African Studies Center Announces Incoming Co-Directors
September 17, 2021UNC Global Affairs

Victoria Rovine (left) and Sudhanshu Handa (right)
Sudhanshu (Ashu) Handa, Kenan Eminent Professor of Public Policy, and Victoria Rovine, professor in the Department of Art and Art History, have been appointed co-directors of the African Studies Center (ASC) at the University of North Carolina at Chapel Hill effective Aug. 1.
The ASC is designed to sustain and strengthen teaching of African languages and to promote research, academic opportunities and artistic exchange related to the African continent.
Handa and Rovine hold impressive records of scholarship at Carolina.

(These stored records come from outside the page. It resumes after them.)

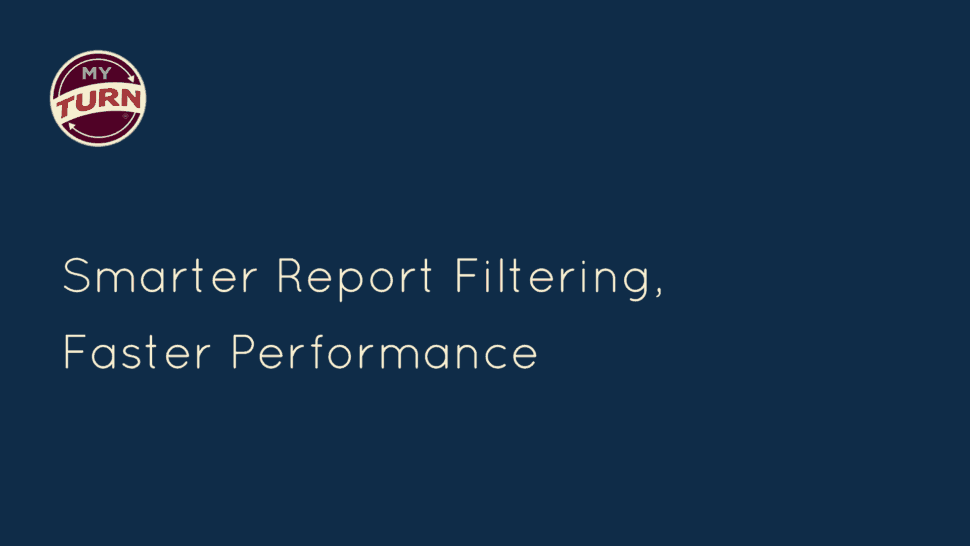Smarter Report Filtering, Faster Performance with myTurn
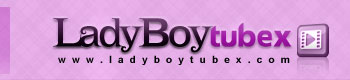 Lady Boy Tube X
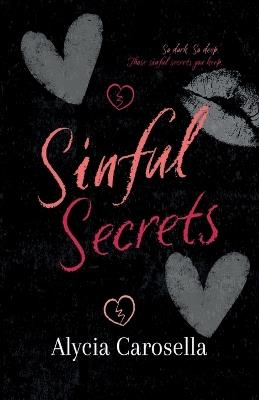 Sinful Secrets - Alycia Carosella - cover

Handa is an economist working on poverty, health and human development in sub-Saharan Africa and is co-principal investigator of The Transfer Project, a regional initiative with UNICEF and the Food and Agriculture Organization of the United Nations designed to understand the broad effects of government-sponsored cash transfer programs in sub-Saharan Africa. Currently, Handa is researching the long-term effects of cash transfers in Zambia and Malawi.
Rovine is an art historian focusing on African art with a concentration on African textiles and dress practices. She has published two books based on historical and contemporary dress practices, with a focus on Francophone West Africa. Rovine also studies Africa’s presence in Western visual culture, particularly in early 20th century Europe. Rovine has conducted research in Mali since the early 1990s and has also worked in Senegal, South Africa and Ghana, among other African countries.
Handa and Rovine succeed Emily Burrill, a historian of West Africa, gender, and law and society. Burrill is now a faculty member in the University of Virginia Corcoran Department of History. Burrill’s tenure included two successful Title VI applications, an award from the Oak Foundation to develop digital content for K-5 learning of contemporary Africa, and advancement in African scholarship that furthered the University’s mission of global teaching and service.